Dear National Public Radio,

I really enjoy listening to your podcasts. Being someone who used to work in the network, I understand the content that you guys offer with your podcasts. The new is incredibly informative and a great addition to my playlists when I go running. The five minute updates clue me into news happening around the world that I’ll usually look into future among my many RSS feeds.

I also like the other content that you guys offer. The Whad’Ya Know stuff is great. I’ve been listening to Mr. Feldman for as long as I can remember. Although it’s just a small portion of the weekly program, his satire is quite humourus.
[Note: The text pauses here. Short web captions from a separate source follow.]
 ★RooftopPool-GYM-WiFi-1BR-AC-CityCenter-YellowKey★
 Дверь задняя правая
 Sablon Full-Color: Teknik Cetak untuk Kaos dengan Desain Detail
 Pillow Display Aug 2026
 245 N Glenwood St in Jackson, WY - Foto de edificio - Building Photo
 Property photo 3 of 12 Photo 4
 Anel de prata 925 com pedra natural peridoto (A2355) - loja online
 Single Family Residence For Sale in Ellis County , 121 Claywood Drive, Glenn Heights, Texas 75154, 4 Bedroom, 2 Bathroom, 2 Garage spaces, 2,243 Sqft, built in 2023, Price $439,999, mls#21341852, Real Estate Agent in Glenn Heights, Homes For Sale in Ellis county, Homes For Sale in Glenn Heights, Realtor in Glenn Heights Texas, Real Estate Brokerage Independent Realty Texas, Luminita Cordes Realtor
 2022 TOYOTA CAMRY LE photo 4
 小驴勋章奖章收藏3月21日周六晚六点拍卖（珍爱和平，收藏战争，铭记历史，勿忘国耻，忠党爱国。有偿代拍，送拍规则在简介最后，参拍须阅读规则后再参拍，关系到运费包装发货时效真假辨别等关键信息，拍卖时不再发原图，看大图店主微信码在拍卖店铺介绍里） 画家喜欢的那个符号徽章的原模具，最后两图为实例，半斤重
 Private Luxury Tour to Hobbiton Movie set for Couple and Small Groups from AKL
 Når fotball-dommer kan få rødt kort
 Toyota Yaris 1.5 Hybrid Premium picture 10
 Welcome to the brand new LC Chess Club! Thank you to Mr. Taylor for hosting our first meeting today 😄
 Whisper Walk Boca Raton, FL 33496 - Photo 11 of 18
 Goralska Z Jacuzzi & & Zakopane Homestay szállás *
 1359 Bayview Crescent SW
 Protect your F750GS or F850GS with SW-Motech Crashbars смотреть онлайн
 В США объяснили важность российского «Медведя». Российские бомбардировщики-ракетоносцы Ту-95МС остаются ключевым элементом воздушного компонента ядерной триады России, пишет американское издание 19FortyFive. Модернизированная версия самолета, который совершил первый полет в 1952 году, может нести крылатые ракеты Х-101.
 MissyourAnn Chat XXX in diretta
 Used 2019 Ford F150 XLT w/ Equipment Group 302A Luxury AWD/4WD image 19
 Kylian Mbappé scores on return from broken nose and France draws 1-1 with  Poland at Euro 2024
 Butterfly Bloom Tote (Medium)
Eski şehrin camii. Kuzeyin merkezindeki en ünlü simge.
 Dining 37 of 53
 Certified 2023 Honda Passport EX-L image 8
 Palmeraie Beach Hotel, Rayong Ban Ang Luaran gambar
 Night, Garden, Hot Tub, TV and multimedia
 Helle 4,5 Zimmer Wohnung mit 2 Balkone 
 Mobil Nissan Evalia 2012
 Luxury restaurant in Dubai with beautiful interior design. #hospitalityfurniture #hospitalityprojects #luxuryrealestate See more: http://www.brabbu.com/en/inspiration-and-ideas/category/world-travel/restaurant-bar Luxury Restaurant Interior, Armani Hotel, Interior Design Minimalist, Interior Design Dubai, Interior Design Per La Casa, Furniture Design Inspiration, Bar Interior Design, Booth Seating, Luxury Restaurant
What I was to know is… why do I always have to crank up the volume when I listen to your podcasts? It’s annoying. I get that there is a certain “style” to the way NPR does things. I have also run into a number of arguments in the broadcast engineering world to know about the dislike for compression among public radio enthusiasts. To each their own, but this is podcasting we’re talking about.

When I’m in the shower, CNN podcasts are perfect. Once your news update hits, I get nothing but some mumbling. And if I decide to switch my playlist up when I go running, my ear drums get blasted when music follows said news update because I have to turn up your stuff just to understand the content. Listening to Feldman on the podcast produces some of the same mumbling followed by laughter from the audience. I completely miss what was funny and shouldn’t have to rewind to catch it.

And for the love of god, shorten up the intro and outros. That beginning music is one thing, but you can be way more brief in telling me thanks for downloading your five minute news summary. Perhaps it’s the ads that drive me even more nuts. The non-commercial rule of thumb doesn’t apply so much to podcasts, and I doubt the FCC is going to or can regulate that.

Just give me the news, and let me be able to hear it without having to crank the volume all the way up.